Ronchetto sul Naviglio is a district ("quartiere") of Milan, Italy, part of the Zone 6 administrative division of the city. Before being annexed to Milan (in 1923), it has been an autonomous comune until 1870, and a frazione of Buccinasco between 1870 and 1923.

Ronchetto is probably named after an ancient cascina (farmhouse) by that name; in turn, the name of the cascina is derived from the Lombard word ronch, which refers to different types of cultivated areas.

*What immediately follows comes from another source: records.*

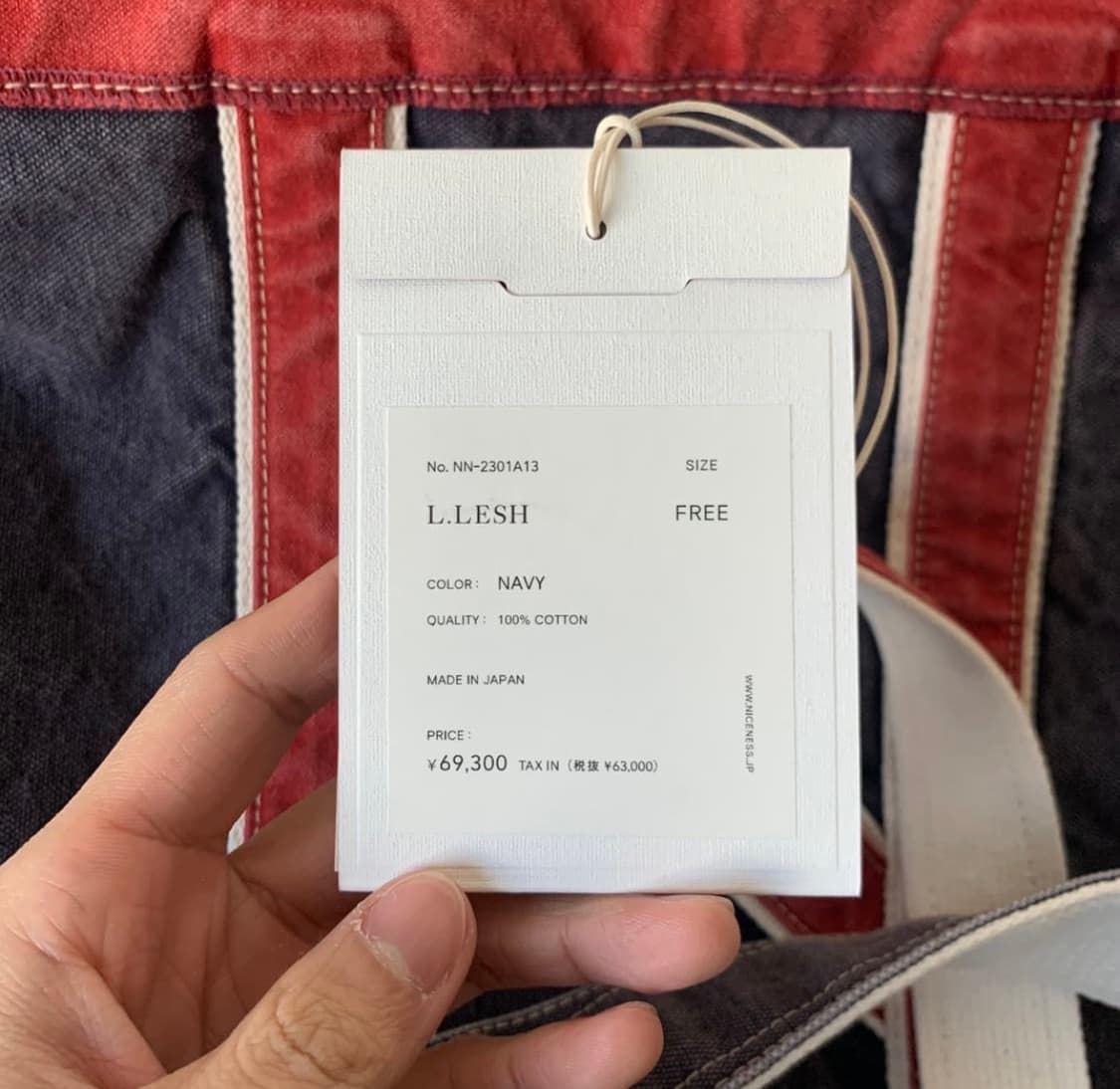 택포) Niceness 24ss L.Lesh navy red 판매 상품이미지10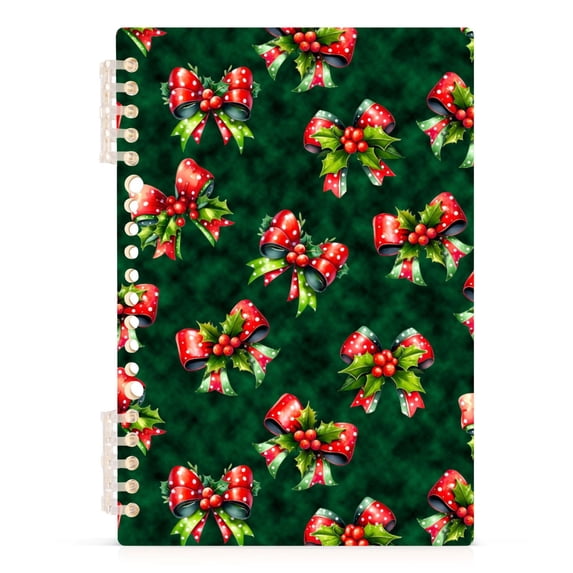 joogoo A5 Spiral Journal Notebook Bow with Cherry College Ruled Notebooks 8.3" x 5.7" 1 PC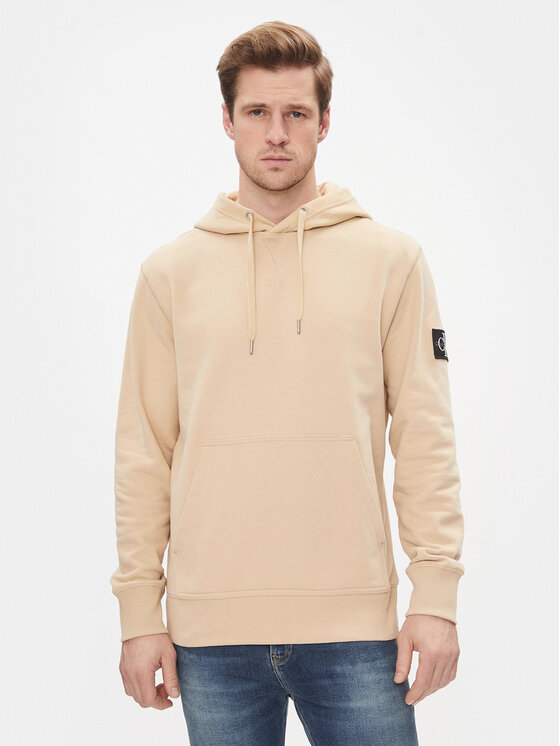 Calvin Klein Jeans Calvin Klein Jeans Majica dugih rukava Badge Hoodie J30J323430 Bež Regular Fit
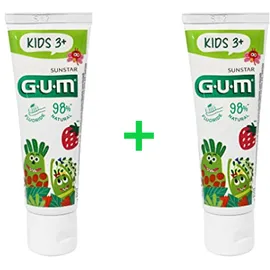 Gum Kids Promo Παιδική Οδοντόκρεμα Με Γεύση Φράουλα Για Παιδιά 3+ Ετών 50ml &amp; Δώρο 50ml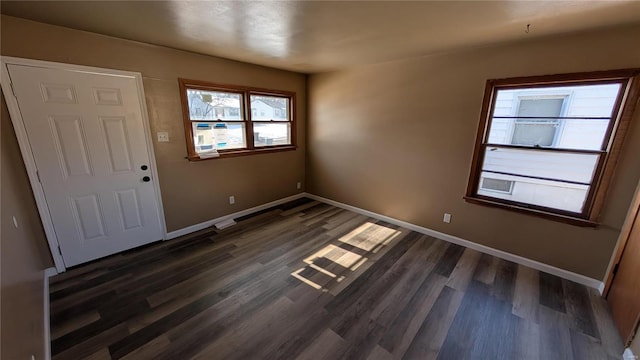 foyer featuring dark hardwood / wood-style flooring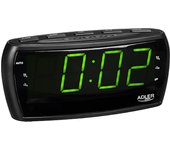 Adler AD 1121 radio Reloj Analógico y digital Negro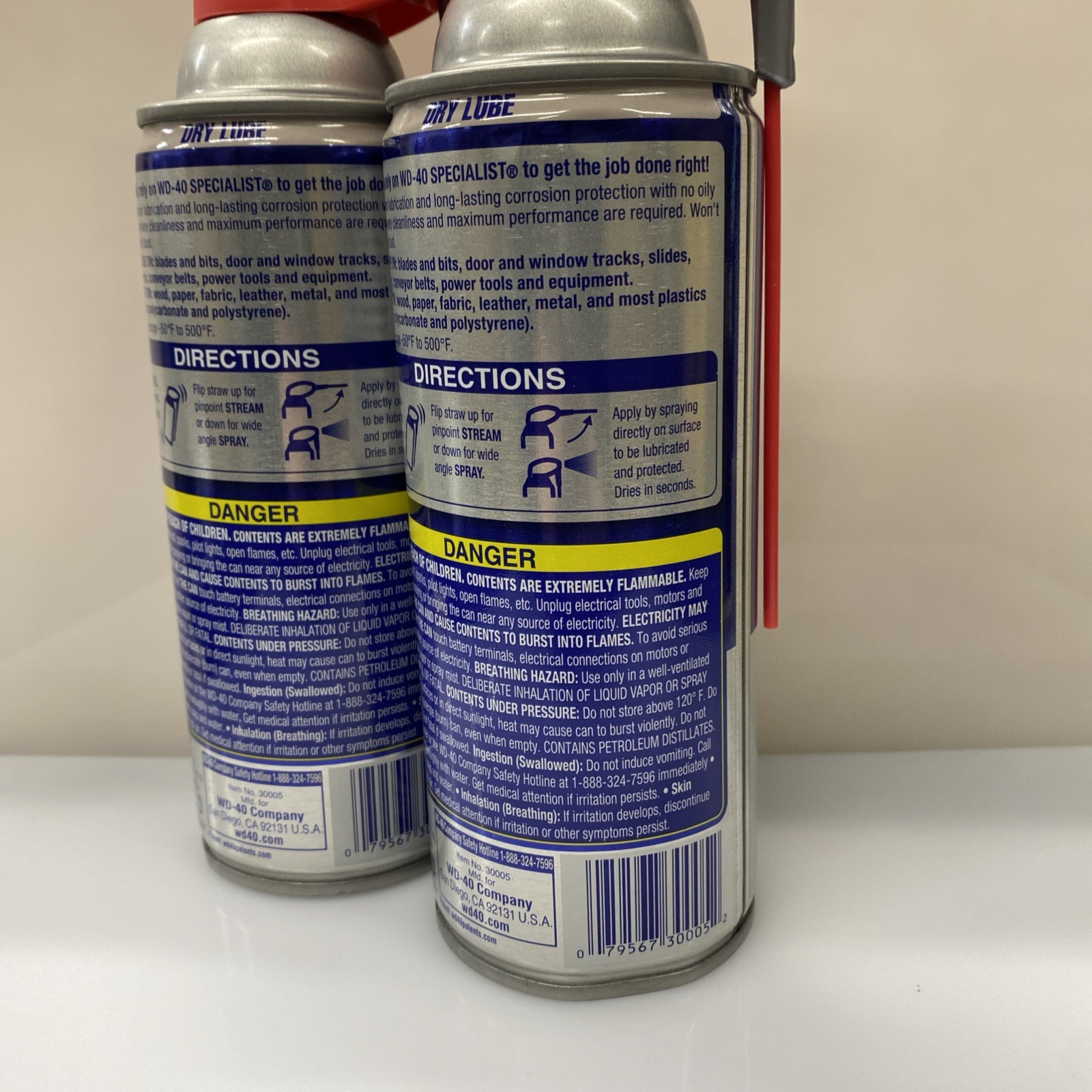 2X WD-40 Specialist Dry Lube w/ PTFE Dirt Dust Corrosion Resistant 10 Oz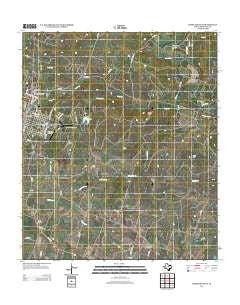 Hamilton East Texas Historical topographic map, 1:24000 scale, 7.5 X 7.5 Minute, Year 2012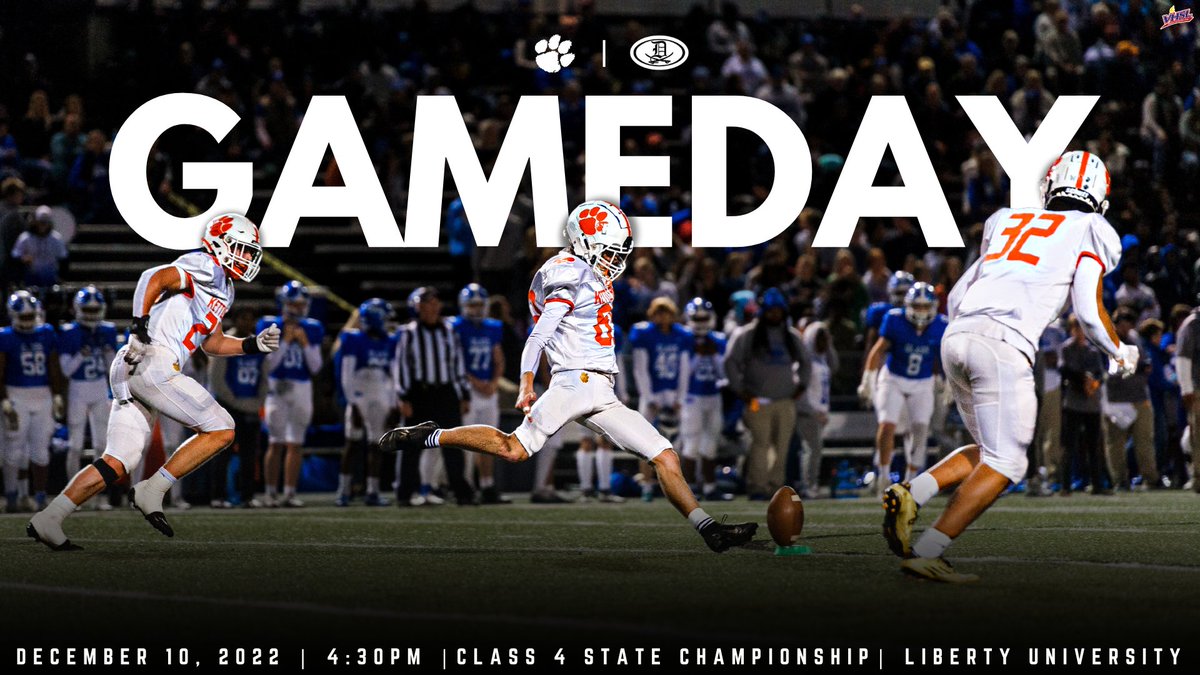 🟠🟢🟠GAMEDAY🟠🟢🟠

Your Cougars take on a great Dinwiddie team in the <a href="/VHSL_/">VHSL Athletics</a> 4A State Championship today in Lynchburg at 4:30.

🆚 <a href="/GeneralsFootbal/">Dinwiddie Football</a> 
⏰ 4:30pm
🏟️Williams Stadium (<a href="/LibertyFootball/">Liberty Football</a>)
🎟️gofan.co/app/events/825…
📺nfhsnetwork.com/events/vhsl/ga…

#RollCougs
#FindAWay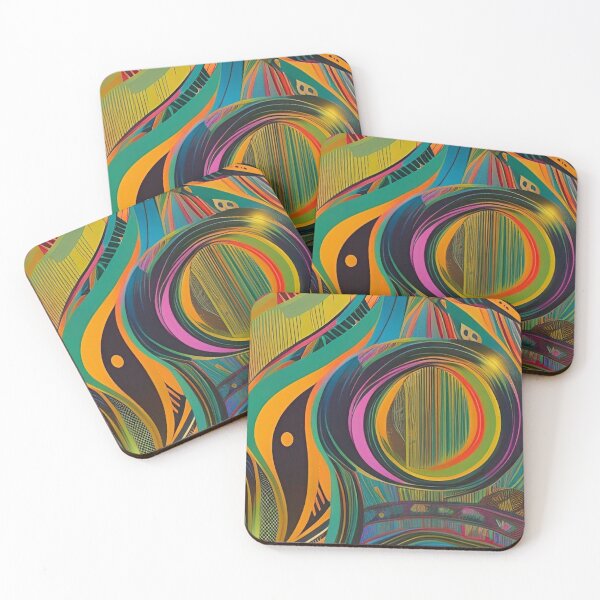 Item preview, Cool Colorful Organic Creative Abstract Pattern designed and sold by CattlettArt.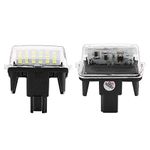 Qiilu 1 Pair Led Number License Plate Light Lamp Fit for Toyota for COROLLA 2014 for Toyota for Camry Accessories 2012 2014 2014 License Plate Light 2012 Ijdmtoy Oem Fit 3w Full Led Kit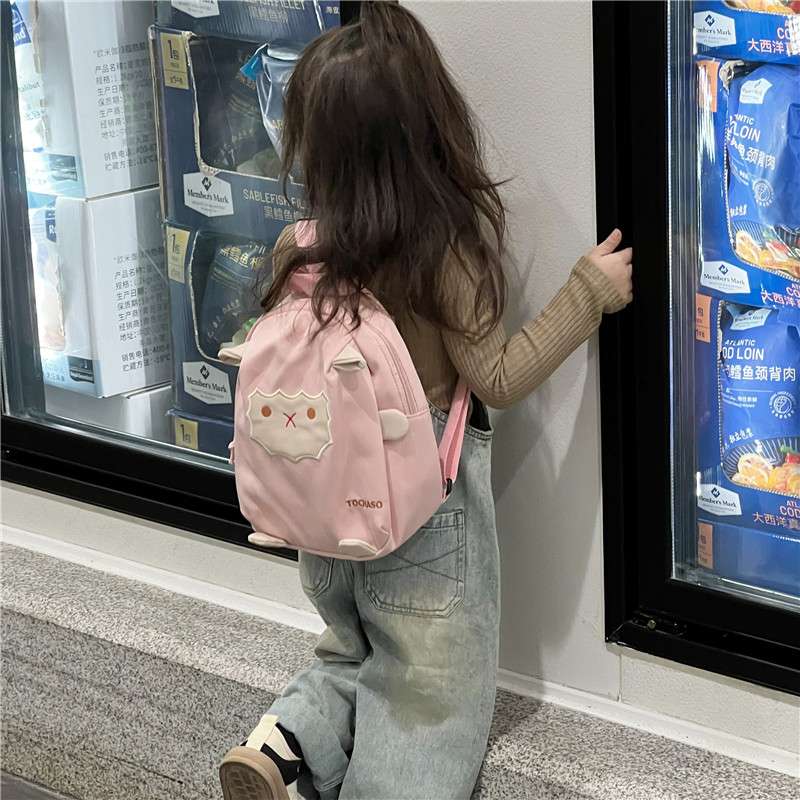 もこもこ動物顔の子どもリュック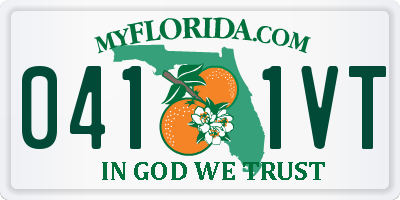FL license plate 0411VT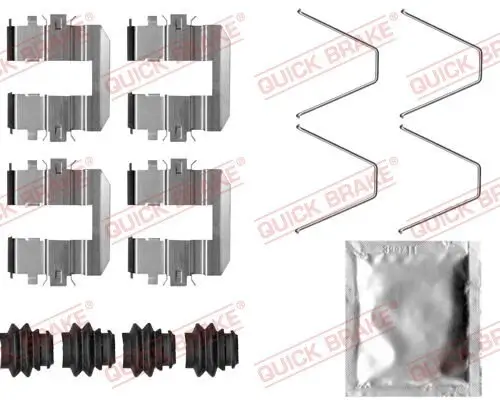 Zubehörsatz, Scheibenbremsbelag QUICK BRAKE 109-0060 Bild Zubehörsatz, Scheibenbremsbelag QUICK BRAKE 109-0060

The original structure of the once rural settlement of Ronchetto is almost completely unrecognizable in the modern district, which has experienced a massive urbanization process in the 20th century and is now seamlessly connected to the urban agglomeration of Milan. A landmark of Ronchetto is a modern, 700 m bridge that crosses both the Naviglio Grande canal and the Milan-Mortara railway, connecting Ronchetto to the Giambellino-Lorenteggio district.

The district has been experiencing a long period of decay and is often described as a degraded area. The Duomo Connection trial of the late 1980s revealed the extensive activity of the Mafia in the district.

Ronchetto sul Naviglio is also remembered as the scene of a battle between Italian partisans and the German army, occurred on 25 April 1945, i.e., the very day when Italy proclaimed its liberation from the German rule.